Thomas was an ardent patriot, and his newspaper reflected his views, so much so that in 1771 Governor Hutchinson attempted—unsuccessfully—to prosecute him for libel. He became so obnoxious to the authorities that in April 1775, fearing for his safety, he removed his press to Worcester, where he resumed publication of the Spy. In later years he recalled that “he had the honor of being included with John Hancock and Samuel Adams a list of twelve persons who were to be summarily executed when taken.”
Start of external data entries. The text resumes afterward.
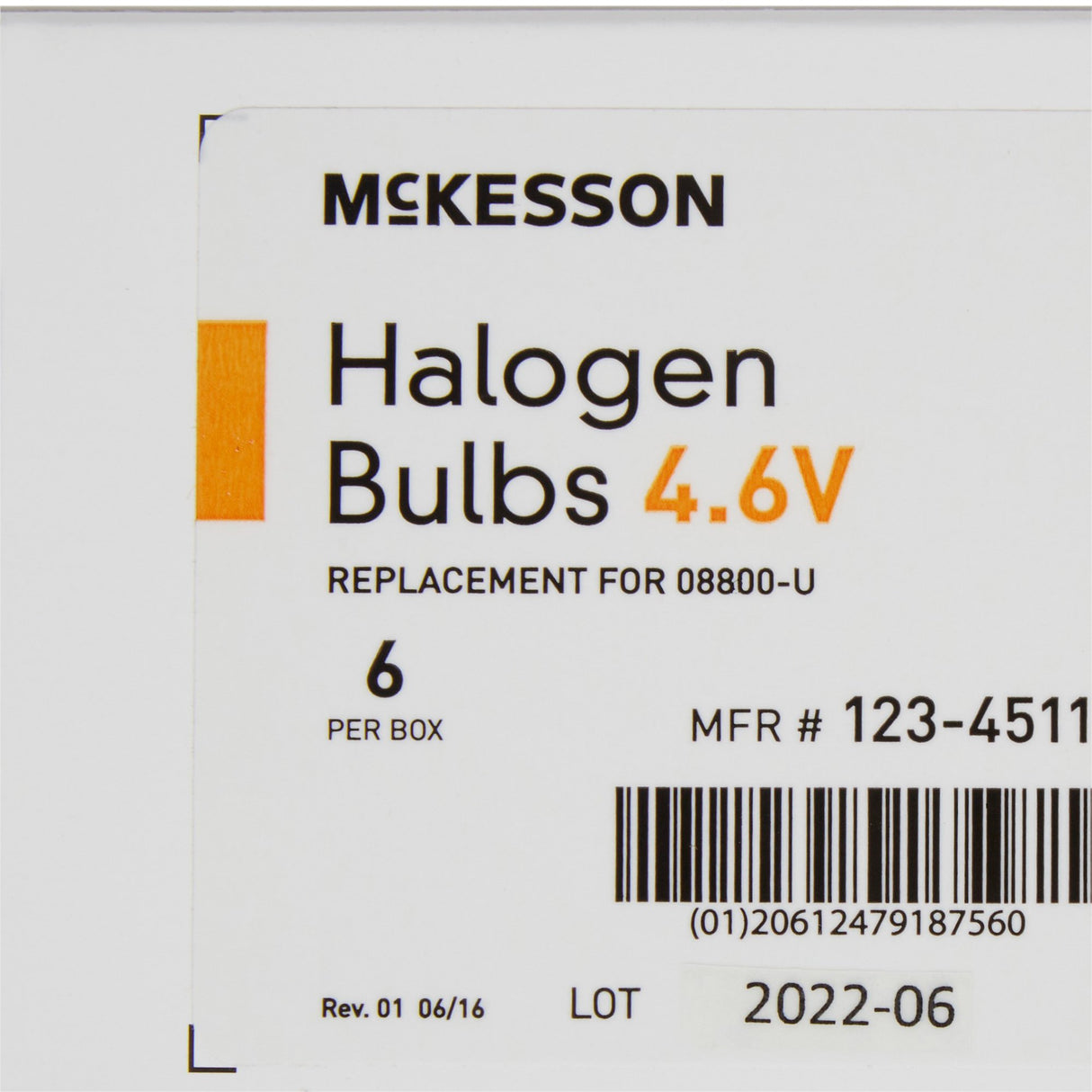Vaginal Specula Replacement Bulb McKesson Halogen 4.6 Volt 3 Watt - BeHope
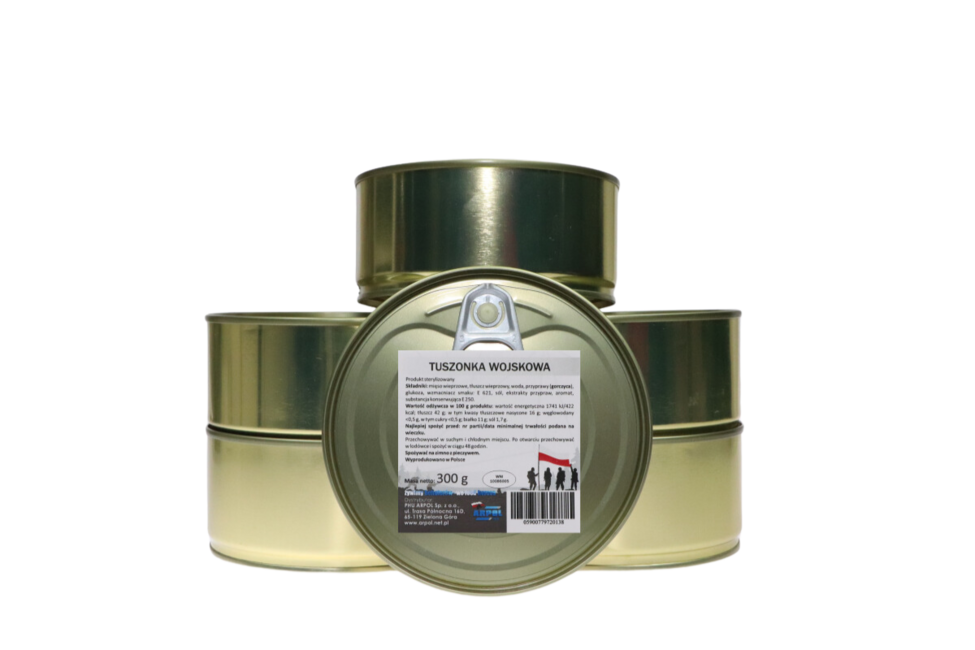 Arpol військова м'ясна консерва, 300g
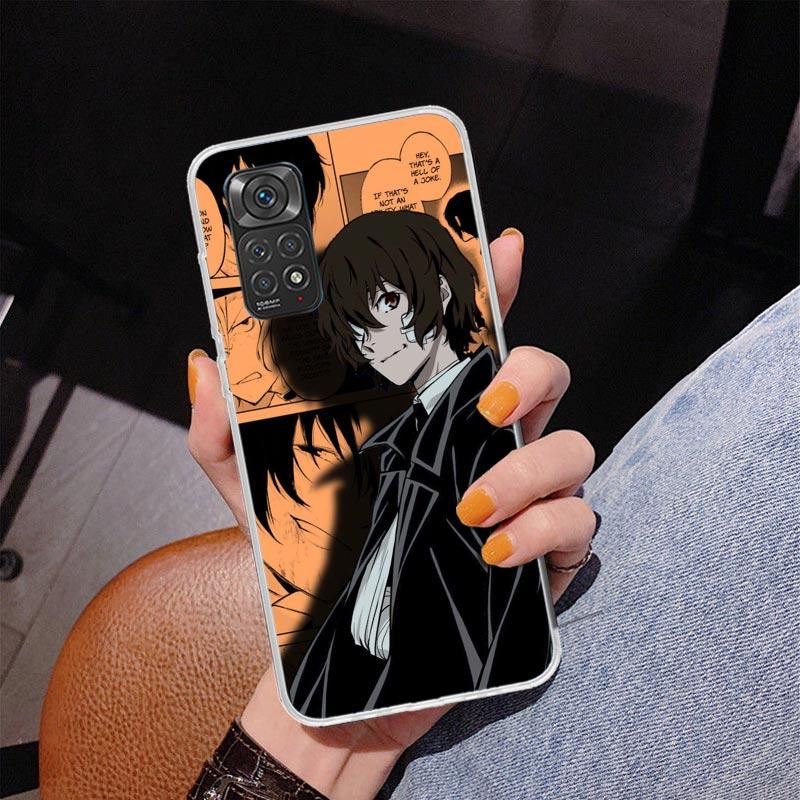 Чехол для телефона с изображением манги Bungo Stray Dogs для Xiaomi Redmi Note 15 14 14S 13 Pro Plus 12 12S 11S 11E 10S 10 11T 5G Unique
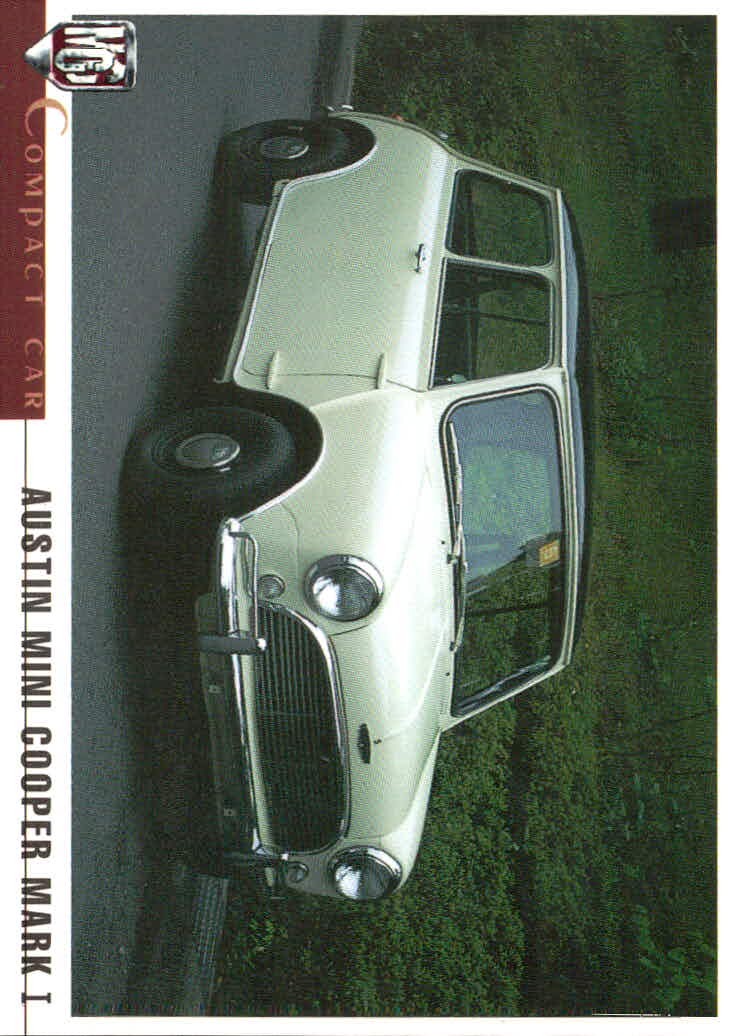 MCC モーターカーコレクション MCC MOTOR CAR COLLECTION モーターカーコレクション 車 カード ツクダオリジナル カード Austin Mini Cooper Mark I トレカ CC-4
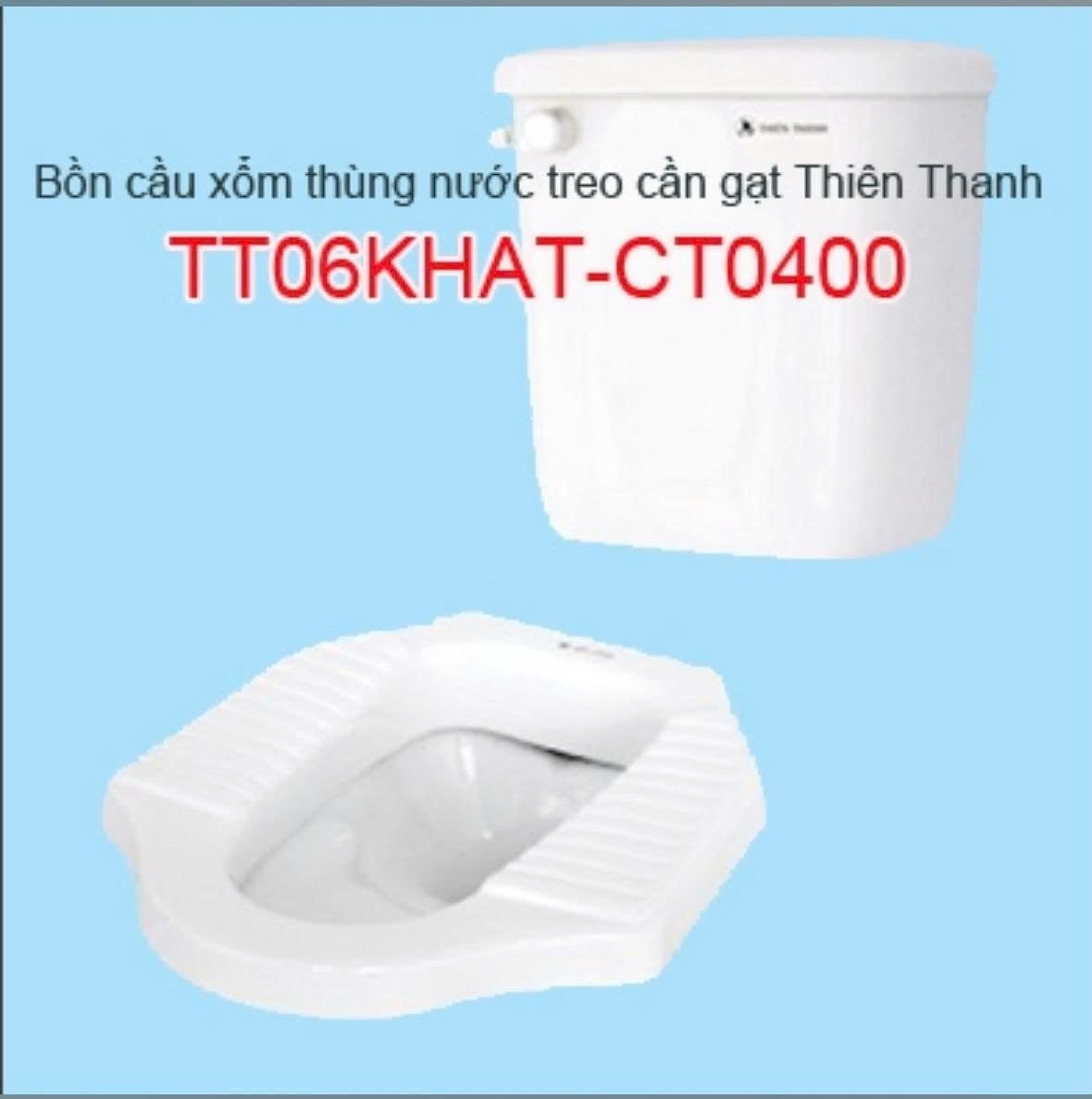 Bồn cầu xổm Thiên Thanh nổi bật với hệ thống xả vành mạnh mẽ cùng công nghệ men Nano chống bám bẩn, diệt khuẩn và siêu bền.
Thomas settled in Worcester and over time developed a vertically-integrated empire including a paper mill, print shops in Worcester and Boston, and multiple bookshops. He published among others the short-lived Royal American Magazine (1774), which included many Paul Revere cuts; the New England Almanac (1775-1819) the Massachusetts Magazine (1789-96); and a folio Bible (1791); and after his retirement wrote a History of Printing in America (1808). Whiggish as he had been during the Revolutionary years, he later opposed Shays’ Rebellion and eventually became a strong Federalist.

In 1812 Thomas founded the American Antiquarian Society (AAS), giving it a start by donating his nearly 8000-volume library, a large newspaper collection, a substantial endowment and a parcel of land for the first Antiquarian Hall. He served as AAS President until his death in 1831. Today the AAS is the preeminent repository for early-American printed material.

In all, a rare and striking 18th-century American execution broadside, well worthy of further study for the unusual character of its protagonist.

References
Evans, American Bibliography, #25521 (AAS). Ford, Massachusetts Broadsides, #3680 (AAS). Sabin #105351 (AAS and Worcester Historical Society). See “The Confession and Dying Words of Samuel Frost” on the web site of the Princeton University Graphic Arts Collection.